If the CAQ succeeds on this move, it would make Quebec the province with the highest minimum age for consumption of Cannabis in the whole of Canada. This can only happen if the party wins and fulfills its campaign promises. Currently their results at the polls are almost on tie with the governing Liberal party.The election date is only about three weeks prior to the date when cannabis is legalized federally; this means that if the CAQ wins, the part would have only about 21 days to change the law before the deadline.
Simon Jolin-Barette, CAQ MNA for the Montérégie-area riding of Borduas, speaking to National Observer, said that his party, if elected, would table an amendment to the existing law “as soon as possible,” but he conceded that “it might be” after the Oct. 17 day of legalization. It would also amend the existing law to ban consumption in public places.
The Bill 157, Quebec’s cannabis law, which put the legal cannabis age at 18, was passed in June. Every other provinces and territories have adopted a minimum age limit of 18 or 19 as the legal age for cannabis consumption whenever the law is finally passed.
The CAQ’s reason for this move, according to Jolin-Barette,is that “as a government and as a society, we have a responsibility to not trivialize cannabis consumption, and send a clear message to young people that smoking marijuana has serious consequences for your health.”

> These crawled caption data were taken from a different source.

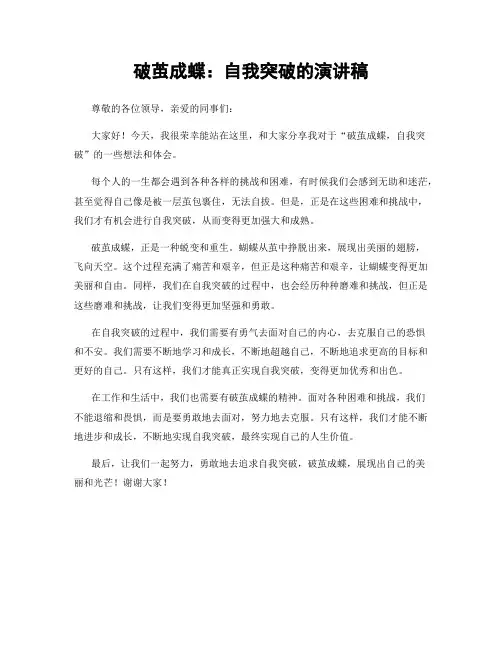 破茧成蝶：自我突破的演讲稿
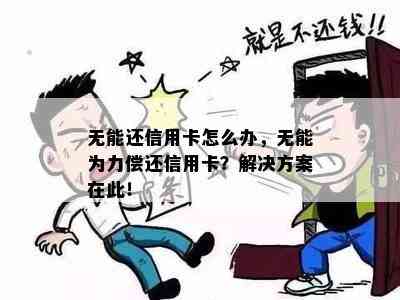 无能还信用卡怎么办，无能为力偿还信用卡？解决方案在此！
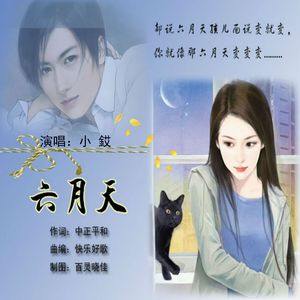 六月天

Kirk Tousaw, a cannabis lawyer based in British Columbia quoted in the reports says this would not be an easy feat for the CAQ to achieve, “Can you imagine being an elected representative in a province and thinking that one of the most important things that you need to do in your first three weeks in office is raise the age at which adults can possess cannabis and criminalize a whole generation of 18, 19, and 20-year-olds?”
The Parti Québécois through its spokesperson, Valérie Chamula,opposed this plan by the CAQ stating that raising the legal age for cannabis consumption would only encourage young people between 18-20 “to continue to buy drugs from organized crime.”